A to futrzaka, któremu ślina ciekła z pyska na widok indorów. Łakomstwo zaiste musi kiedyś zgubić tego ogoniastego. Ciekaw był wielce co zrobi po zakupie żywizny. Uda się do karczmy żeby mu ten drób upiekli?
A to czy sierściuch nie ma ogona, innego niż ten wrośnięty w tyłek. Złe słowa były rzucone i Redgard z Anvil czuł, że nie na wiatr tylko one rzucone były. I chociaż cętkowany najwidoczniej lekce je sobie ważył, Cień i jego postanowił przy życiu spróbować utrzymać, tak jak to zrobił już z dzikusami, choć od tych podziękowań nie oczekiwał. Robił to i tak tylko z czysto egoistycznych pobudek. Z zimnej kalkulacji, że sam ruinom krasnoludów serca wyrwać nie zdoła.
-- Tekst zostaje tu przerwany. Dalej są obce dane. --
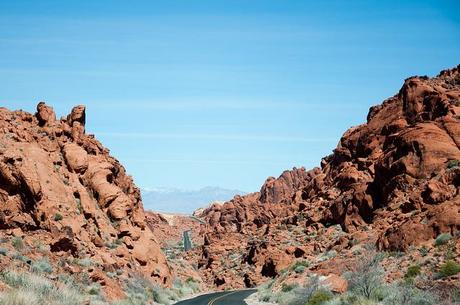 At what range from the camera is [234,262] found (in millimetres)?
73562

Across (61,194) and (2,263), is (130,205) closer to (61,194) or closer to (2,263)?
(61,194)

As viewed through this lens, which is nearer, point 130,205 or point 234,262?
point 130,205

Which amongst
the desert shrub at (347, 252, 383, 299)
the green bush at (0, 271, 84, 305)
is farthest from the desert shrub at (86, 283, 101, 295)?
the desert shrub at (347, 252, 383, 299)

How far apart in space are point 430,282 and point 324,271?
47.9ft

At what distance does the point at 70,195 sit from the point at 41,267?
13.8m

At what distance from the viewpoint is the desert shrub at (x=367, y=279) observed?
23906 mm

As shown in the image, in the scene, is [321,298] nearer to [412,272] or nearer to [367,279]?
[367,279]

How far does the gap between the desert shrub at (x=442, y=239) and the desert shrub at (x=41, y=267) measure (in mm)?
19537

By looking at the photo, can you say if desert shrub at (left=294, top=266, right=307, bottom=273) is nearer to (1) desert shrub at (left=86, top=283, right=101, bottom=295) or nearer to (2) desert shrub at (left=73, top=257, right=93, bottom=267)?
(2) desert shrub at (left=73, top=257, right=93, bottom=267)

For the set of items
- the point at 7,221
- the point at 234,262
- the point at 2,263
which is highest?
the point at 7,221

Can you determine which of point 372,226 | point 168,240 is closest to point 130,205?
point 372,226

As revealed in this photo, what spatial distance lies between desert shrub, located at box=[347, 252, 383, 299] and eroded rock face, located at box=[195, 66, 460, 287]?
259 inches

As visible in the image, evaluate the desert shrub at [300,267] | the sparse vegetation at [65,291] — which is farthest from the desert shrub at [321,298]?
the desert shrub at [300,267]

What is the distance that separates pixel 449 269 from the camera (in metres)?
22.5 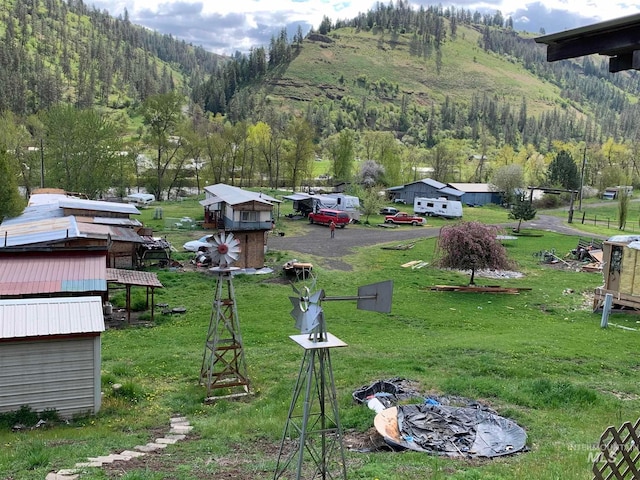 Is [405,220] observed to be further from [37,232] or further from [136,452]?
[136,452]

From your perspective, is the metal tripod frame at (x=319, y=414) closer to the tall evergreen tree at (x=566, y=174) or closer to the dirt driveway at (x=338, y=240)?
the dirt driveway at (x=338, y=240)

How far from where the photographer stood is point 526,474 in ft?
26.9

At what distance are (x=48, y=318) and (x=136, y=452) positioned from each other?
15.8ft

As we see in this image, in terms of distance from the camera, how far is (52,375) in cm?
1273

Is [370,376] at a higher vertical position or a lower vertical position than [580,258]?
lower

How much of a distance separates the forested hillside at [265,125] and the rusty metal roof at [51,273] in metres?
16.6

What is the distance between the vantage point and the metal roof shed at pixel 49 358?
12352mm

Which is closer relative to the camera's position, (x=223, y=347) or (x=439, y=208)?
(x=223, y=347)

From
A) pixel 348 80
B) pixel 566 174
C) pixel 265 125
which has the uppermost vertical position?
pixel 348 80

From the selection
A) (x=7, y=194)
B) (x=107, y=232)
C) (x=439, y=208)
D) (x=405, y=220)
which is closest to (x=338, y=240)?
(x=405, y=220)

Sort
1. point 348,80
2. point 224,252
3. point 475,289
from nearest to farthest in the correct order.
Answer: point 224,252 < point 475,289 < point 348,80

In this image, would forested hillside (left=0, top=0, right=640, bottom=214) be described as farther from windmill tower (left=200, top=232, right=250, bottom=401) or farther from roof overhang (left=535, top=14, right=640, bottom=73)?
roof overhang (left=535, top=14, right=640, bottom=73)

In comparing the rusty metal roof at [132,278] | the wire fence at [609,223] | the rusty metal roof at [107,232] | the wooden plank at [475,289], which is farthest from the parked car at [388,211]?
the rusty metal roof at [132,278]

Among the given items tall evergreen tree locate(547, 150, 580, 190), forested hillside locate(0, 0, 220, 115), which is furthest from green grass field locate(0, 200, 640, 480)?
forested hillside locate(0, 0, 220, 115) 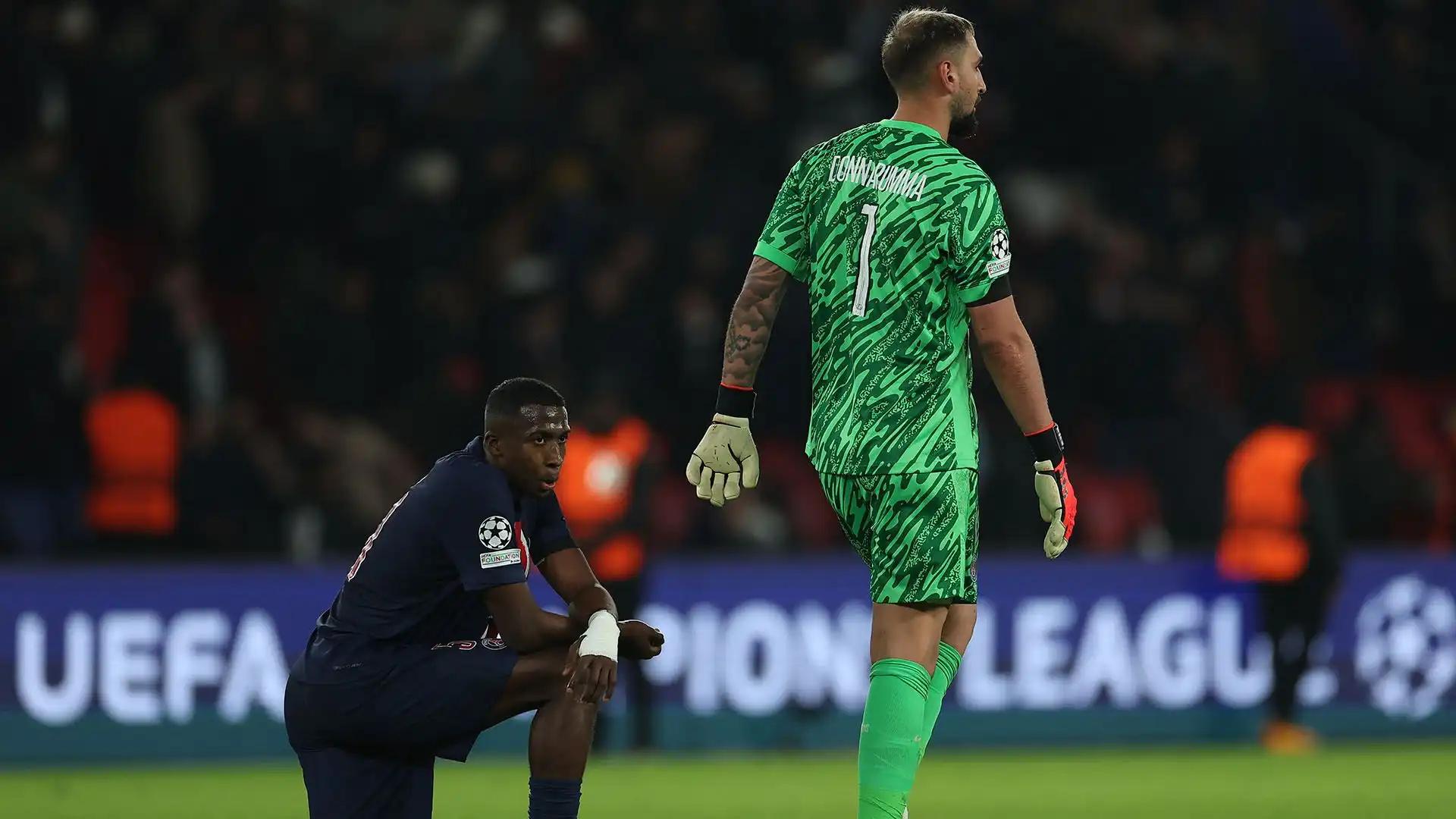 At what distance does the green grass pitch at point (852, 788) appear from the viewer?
880 centimetres

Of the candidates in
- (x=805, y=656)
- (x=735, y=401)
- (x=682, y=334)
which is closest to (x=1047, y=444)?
(x=735, y=401)

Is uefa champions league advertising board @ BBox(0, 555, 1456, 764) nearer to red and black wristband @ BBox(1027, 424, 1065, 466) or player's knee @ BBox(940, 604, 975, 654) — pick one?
player's knee @ BBox(940, 604, 975, 654)

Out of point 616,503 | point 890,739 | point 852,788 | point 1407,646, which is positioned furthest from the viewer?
point 1407,646

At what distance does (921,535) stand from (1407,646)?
7.92m

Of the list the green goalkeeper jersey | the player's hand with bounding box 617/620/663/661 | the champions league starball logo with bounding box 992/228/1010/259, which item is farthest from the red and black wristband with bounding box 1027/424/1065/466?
the player's hand with bounding box 617/620/663/661

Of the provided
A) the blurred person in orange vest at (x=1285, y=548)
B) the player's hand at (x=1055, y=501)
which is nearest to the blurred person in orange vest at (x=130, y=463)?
the blurred person in orange vest at (x=1285, y=548)

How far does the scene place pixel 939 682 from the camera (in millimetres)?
5559

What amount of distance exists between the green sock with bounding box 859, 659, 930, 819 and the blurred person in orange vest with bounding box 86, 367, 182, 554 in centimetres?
719

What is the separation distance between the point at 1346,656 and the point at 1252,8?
20.4 feet

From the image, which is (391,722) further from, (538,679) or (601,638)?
(601,638)

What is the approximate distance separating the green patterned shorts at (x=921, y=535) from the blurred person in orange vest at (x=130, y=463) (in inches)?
280

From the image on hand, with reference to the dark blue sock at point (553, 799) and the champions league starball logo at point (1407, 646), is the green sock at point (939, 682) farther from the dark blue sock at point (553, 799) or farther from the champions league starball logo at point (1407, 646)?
the champions league starball logo at point (1407, 646)

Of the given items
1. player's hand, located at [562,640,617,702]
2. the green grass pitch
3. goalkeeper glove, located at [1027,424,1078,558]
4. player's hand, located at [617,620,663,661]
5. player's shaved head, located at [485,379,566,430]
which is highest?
player's shaved head, located at [485,379,566,430]

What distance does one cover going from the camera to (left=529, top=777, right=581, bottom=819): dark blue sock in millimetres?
5430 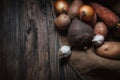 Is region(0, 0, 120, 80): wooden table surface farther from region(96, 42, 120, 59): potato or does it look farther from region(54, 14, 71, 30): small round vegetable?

Ciekaw był więc czy Malowany zejdzie z pokładu o własnych siłach czy będzie potrzebował ramienia Krwawej małżonki. Czy nadzorować będą wspólnie rozładunek jaszczurów i gdzie się z nimi udadzą. Przedziwne wierzchowce. Przydatne w boju i być może w eksploracji zakopanych artefaktów ale wielce kłopotliwe w transporcie i przechowaniu. Na pewno sensację niemałą wzbudzą na nabrzeżu.
Obserwował rozmowę kapitana z Pięściami, kroki czarowników. Ciekaw był co pocznie Dunmerka z jaszczurzą świtą.
Ciżbę w końcu przepatrywał przy nabrzeżu się kłębiącą. Wyłapywał w niej handlarzy, naciągaczy, strażników, żebraków, marynarzy i zwykłych łajdaków.
A nade wszystko jednak wypatrywał posłańca, który na nich miał czekać w porcie. Ktoś miał ich przybycia wyglądać, ktoś na nich miał czekać. Ktoś ich wynajął i złotem płacił by przybyli cali.